A useful category is one that creates cognitive efficiency by allowing us to think about the groups as a whole without having to think about the individuals. To accomplish this, the ideal category would consist of individuals that share a wide variety of characteristics with other members of the category, while having very little in common with individuals outside the category. That is, good categories should have minimal intra-category variation and maximal inter-category variation. In such an ideal situation, one can deduce the characteristics of an individual from the categories to which it belongs with greater certainty (that is, there is less danger of the ecological fallacy). By this criterion, the worst possible set of categories would be to randomly assign individuals to categories; the lack of any intra-category similarity means that one cannot safely deduce anything about an individual based on the characteristics of the category (although this lack of predictability makes random categorization an ideal approach for statistical sampling).
An ideal set of categories should be able to classify each individual unambiguously. Therefore, classification schema should be mutually exclusive and collectively exhaustive. Mutually exclusive means that there is no overlap between any two categories (i.e., an individual cannot belong to two categories simultaneously), while collectively exhaustive means that the categories "exhaust" or include all individuals (i.e., an individual cannot belong to zero categories). Thus, in an ideal classification schema, each individual belongs to one and only one category.

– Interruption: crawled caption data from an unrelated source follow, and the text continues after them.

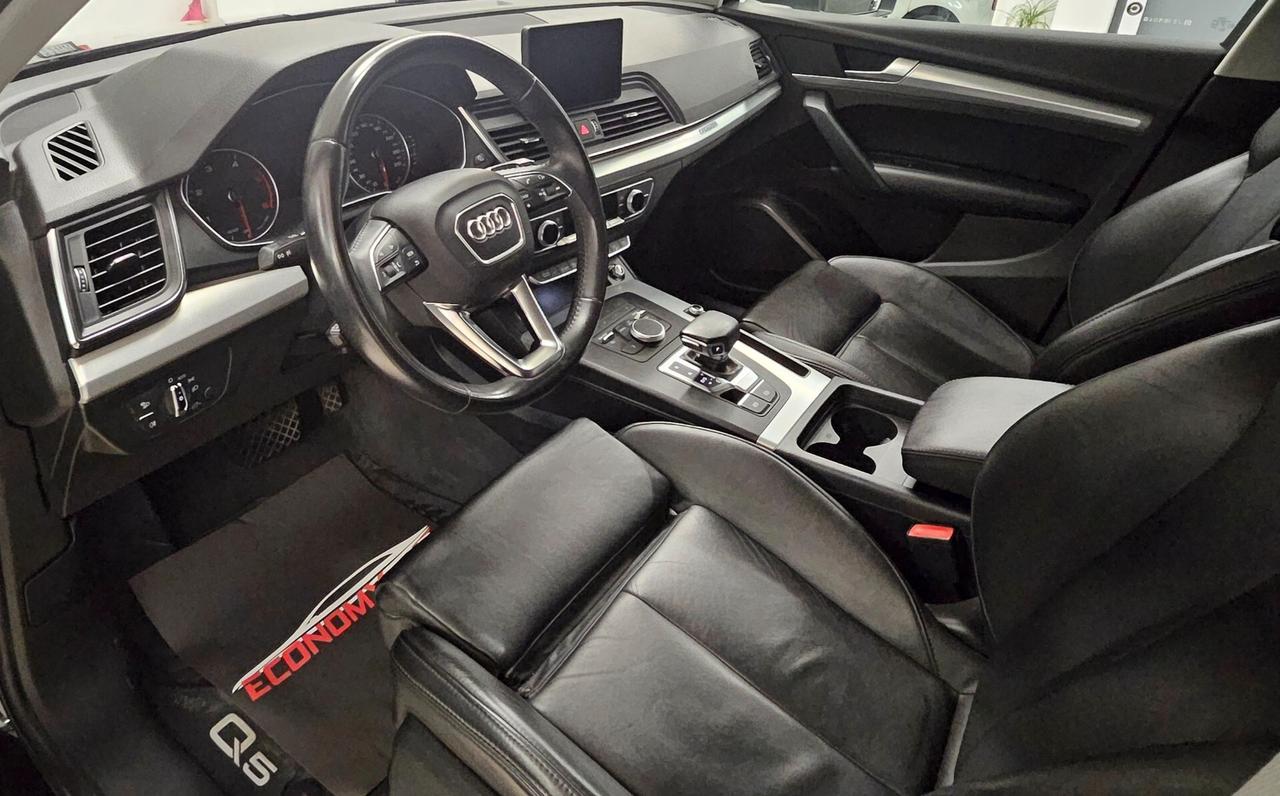 Audi Q5 2.0 TDI quattro S tronic Business Sport 90000km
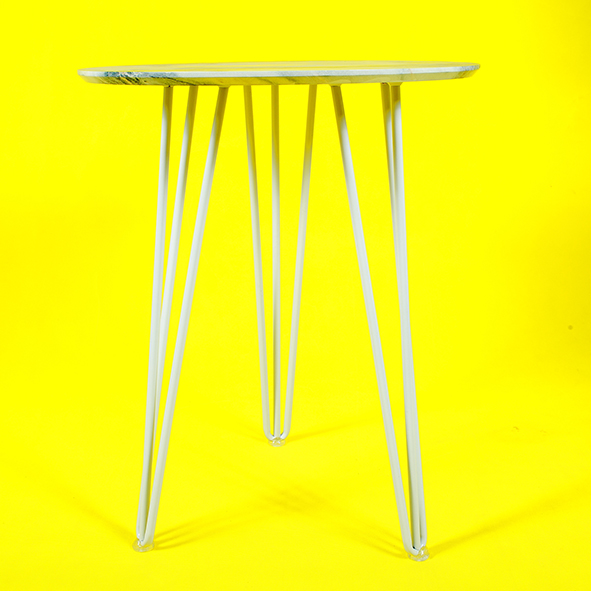 Chân bàn sắt Hairpin Plus 72cm (ĐK 14mm)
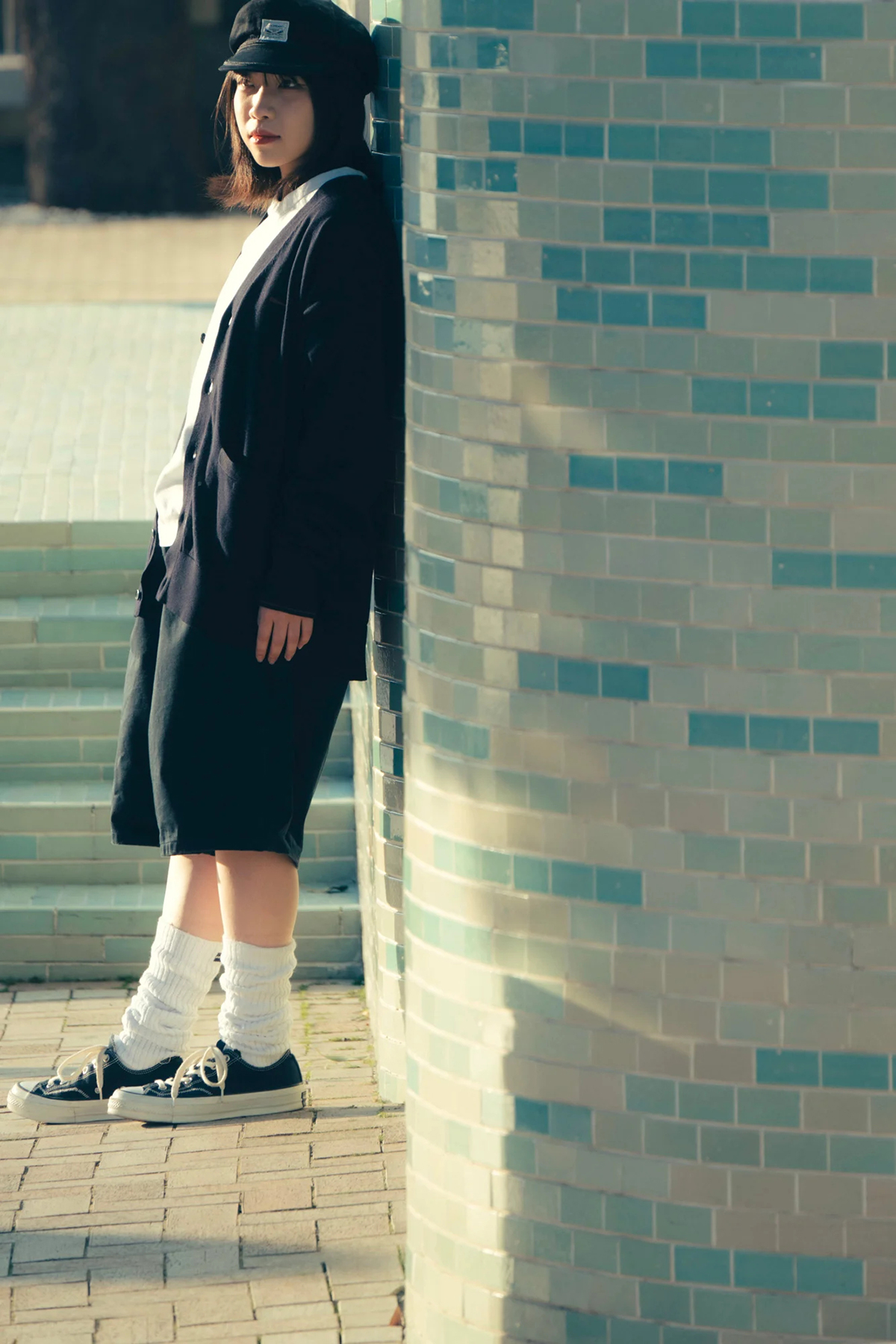 CONVERSE x DESCENDANT ALL STAR LGCY OX_DC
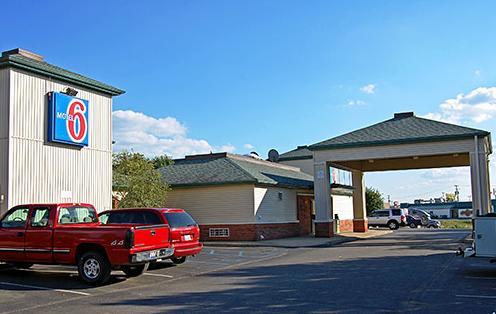 Отель Motel 6 Shepherdsville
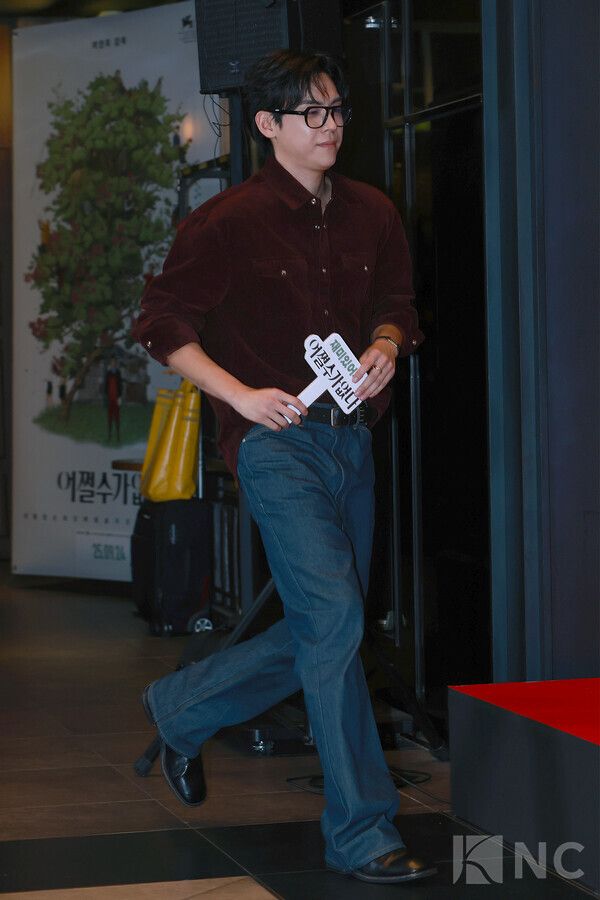 배우 김도훈. 사진=김규빈 기자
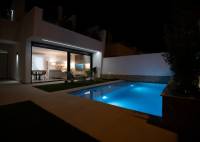 New Build - Town House - San Javier - Santiago de la Ribera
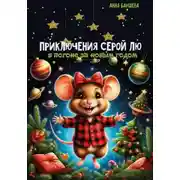 Постер книги Приключение серой Лю. В погоне за Новым годом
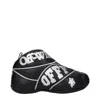 Off-white The Baller Basketball Shoe In Black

Everyday categories often violate these ideals. Boundary cases (individuals that seem to fall in between two categories, such as a plant that has some characteristics of a "tree" and some characteristics of a "shrub") and outliers (individuals that don't seem to have much in common with anything else) are common. An individual is usually similar to a set of others in some characteristics, but very different from them in other characteristics. Because geospatial technology is typically not good at dealing with these vagueries, operational classification in geospatial applications typically require artificial decisions and thresholds.
Types of Classification Schema
Classification schema can take a number of forms and can be derived using a variety of methods. The choice of schema type and classification methodology depends largely on the nature of the source data, and the nature of the criteria for putting each individual into a class. Choosing which classification method could be the hardest and most complicated thing an analyst will do. In many cases, multiple schemes area available that are equally valid, but portray very different patterns in analysis and visualization. Information can even be falsely represented if the correct method is not used. 
The simplest method is to divide of the range of values of a single quantitative attribute into ordinal classes. This is the method usually used for choropleth and isarithmic maps. For example, the incomes of families in a county could be classified as "high" (>$200,000), "medium" ($40,000-199,999), and "low" (<$40,000). There are several techniques for developing this type of schema, based on patterns in the data:
- Equal Interval: When classifying data for map symbolizing, equal interval classification arranges a set of attribute values into groups that contain an equal range of values. This can help show different groups when they are close in size. However, this doesn't often occur in geographic phenomena.
- Quantile: divides the attribute values equally into a predefined number of classes. The attribute values are added up, then divided into the predetermined number of classes. In order to do this, you take the number of total observations and divide that by the number of classes resulting in the number of observations in each class. One of the advantages to using this method is that the classes are easy to compute and each class is equally represented on the map. Ordinal data can be easily classified using this method since the class assignment of quantiles is based on ranked data .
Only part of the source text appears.